|
|
Kandıramazsın beni!
Bir süredir İstanbul'la fazla haşır neşir olmuş bir İzmirli olarak en çok karşılaştığım soruyu ileteyim size? "Neden İstanbul'a gelmiyorsun?" Bu üç kelime, her tanıştığım İstanbullunun ağzından bir kez çıkıyor. İnsanoğlu böyledir işte... Artık ilk besin kaynağının çiğliğinden midir nedir, kendisi mutsuzsa, belki farkında olmadan, belki bilinçli, etrafındaki diğer insanları da ardından sürüklemek ister. Eğer evlenmiş ve aradığını bulamamışsa, etrafındaki bütün bekar arkadaşlarını baş göz etmek ister. Adeta kendi umutsuz durumuna bir "yancı" ara yani. Eğer çocuklarından çok bunalmışa, evli olup da hala çekirdek aileyi oluşturamamış dostlarına ısrarla çocuk yapmaları için telkinde bulunur. Ya da yalnızlıktan çok bunalmış ve yana yıkıla aradığı sevgiliyi, bir türlü bulamamışsa, bulmuş olan arkadaşının ilişkisini bozabilmek için türlü numaralar çeker. Ne dedik? Bazen bilinçli, bazen bilinçdışı... Bu böyledir ama... İşte tanıştığım her İstanbullunun, "Neden İstanbul'a gelmiyorsun" sorusunun altında da, "Neden sen de bizim gibi yanmıyorsun?" sorusu yatıyor bence. Aman birader almayayım ben... Topu topu 2.5 saat önce İzmir'deki evimdeydim. Altı üstü 250 kilometre yol yapıp, Yalıkavak'taki minik fakirhaneme geldim.
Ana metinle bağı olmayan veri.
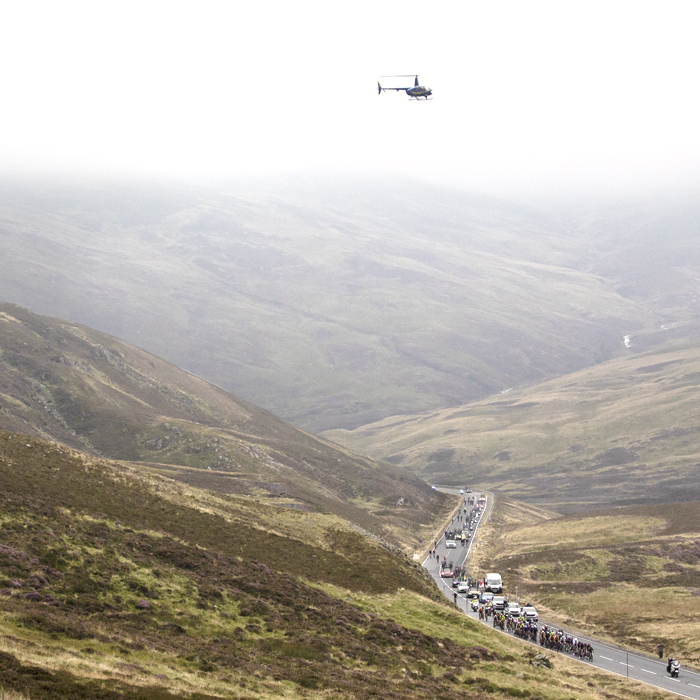 Tour of Britain 2022 -  Low cloud shrouds Cairnwell Pass as the peloton approach in the distance.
Dışarıda dalga sesleri... Gün batımı beni her zaman, hiç yazmadığım şiire yönlendirecek kadar romantik ve cilveli bir tavır içerisinde.. Evin önündeki kumsalda yaşayan kazlar sanki daha mı gürbüzleşmiş ne? Sesleri de pek neşeli çıkıyor bugün... Belki bizi özlemişlerdir, kimbilir! Birazdan evden çıkıp 50 adımda, yerken insanın keyiften gözlerini kapattığı karideslerle buluşacağım. Hem huzurun hem insana, insanlığa dair her türlü keyfin iliklerde hissedildiği bir bölgede yaşıyorum. Hepinizin, hepimizin bazen çok yakınlaşıp kaçırdığı, bazen hiç ulaşamayacakmış gibi umutsuzluğa kapıldığı... Daha ne isterim ki? Belamı mı? İstemem. Ben artık büyüdüm.